KSchG §§ 5, 4; ZPO § 85 Abs. 2

 

Verfahrensgang

ArbG Frankfurt am Main (Entscheidung vom 09.03.2011; Aktenzeichen 17 Ca 6733/10)

 

Tenor

Die Berufung des Klägers gegen das Urteil des Arbeitsgerichts Frankfurt am Main vom 09. März 2011 - 17 Ca 6733/10 - wird auf seine Kosten zurückgewiesen.

Die Revision wird nicht zugelassen.

 

Tatbestand

Die Parteien streiten im Berufungsrechtszug noch um die Wirksamkeit einer hilfsweise ordentlichen Kündigung vom 15. September 2010 und vorab um die nachträgliche Zulassung der gegen diese Kündigung gerichteten Kündigungsschutzklage.

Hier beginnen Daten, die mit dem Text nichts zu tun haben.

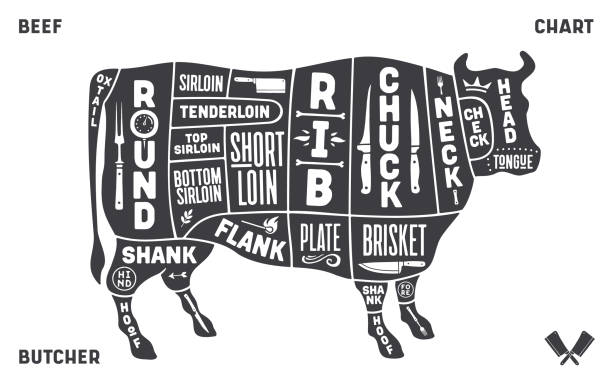 ilustrações, clipart, desenhos animados e ícones de vaca, carne. esquema, diagrama, carta de porco, guia de açougueiro - guide board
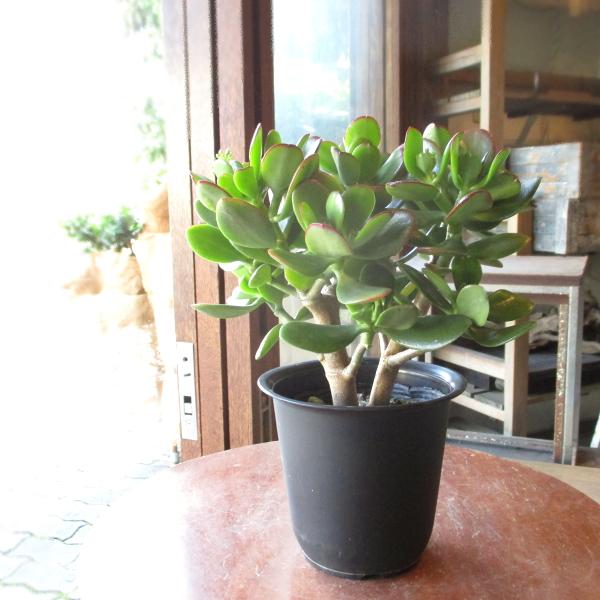 お金のなる木 花月 成金草 4号鉢サイズ 鉢植え 薫る花 庭木 多肉植物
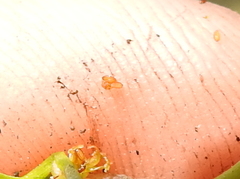 Limosella acaulis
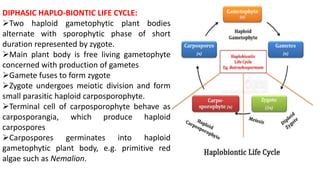 DIPHASIC HAPLO-BIONTIC LIFE CYCLE:
Two haploid gametophytic plant bodies
alternate with sporophytic phase of short
duration represented by zygote.
Main plant body is free living gametophyte
concerned with production of gametes
Gamete fuses to form zygote
Zygote undergoes meiotic division and form
small parasitic haploid carposporophyte.
Terminal cell of carposporophyte behave as
carposporangia, which produce haploid
carpospores
Carpospores germinates into haploid
gametophytic plant body, e.g. primitive red
algae such as Nemalion.
 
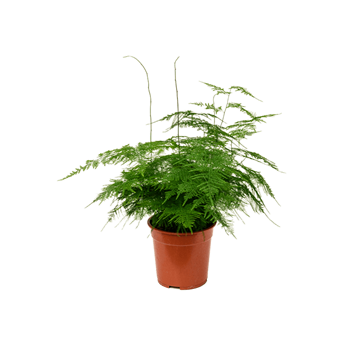 Asparagus setaceus plumosus 4ASPLBP05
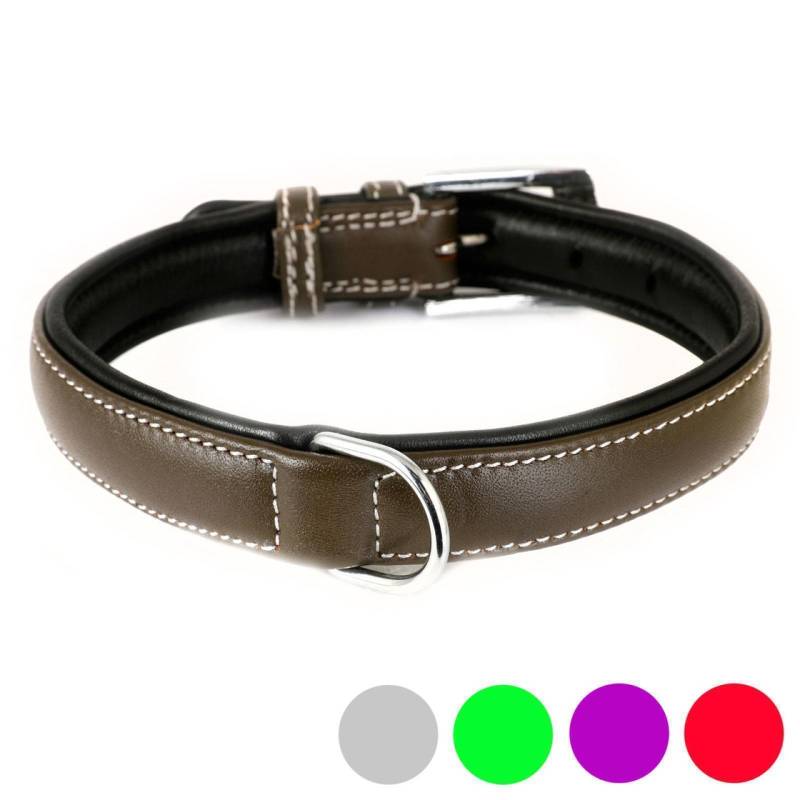 Hundehalsband aus Leder braun gepolstert XS-S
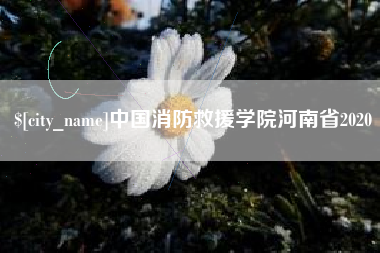 防城港中国消防救援学院河南省2020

Die Beklagte ist ein Unternehmen des A Konzerns. Sie ist als Berater und Projektentwickler weltweit an Infrastrukturmaßnahmen beteiligt. In ihrem Betrieb in B sind regelmäßig mehr als 10 Arbeitnehmer außer den zu ihrer Berufsbildung Beschäftigten beschäftigt. Es ist ein Betriebsrat gebildet.

Bei der Beklagten werden staatsanwaltliche Ermittlungen zu der Frage geführt, inwieweit Mitarbeiter der Beklagten bei Auslandsprojekten, insbesondere bei Projekten in Griechenland, Schmiergelder an Personen gezahlt haben, die Einfluss auf die Auftragsvergabe an die Beklagte bzw. an ein Joint-Venture, an dem die Beklagte beteiligt war, hatten.

Ein solches staatsanwaltliches Ermittlungsverfahren wird auch gegen den am 25. August 1963 geborenen und verheirateten Kläger geführt (AZ.: 7740 JS 243818/09), der seit dem 1. Juli 1992 bei der Beklagten beschäftigt und für die Beklagte seit dem Jahr 1998 in Griechenland - zunächst als Technischer Koordinator und später als Niederlassungsleiter - tätig war.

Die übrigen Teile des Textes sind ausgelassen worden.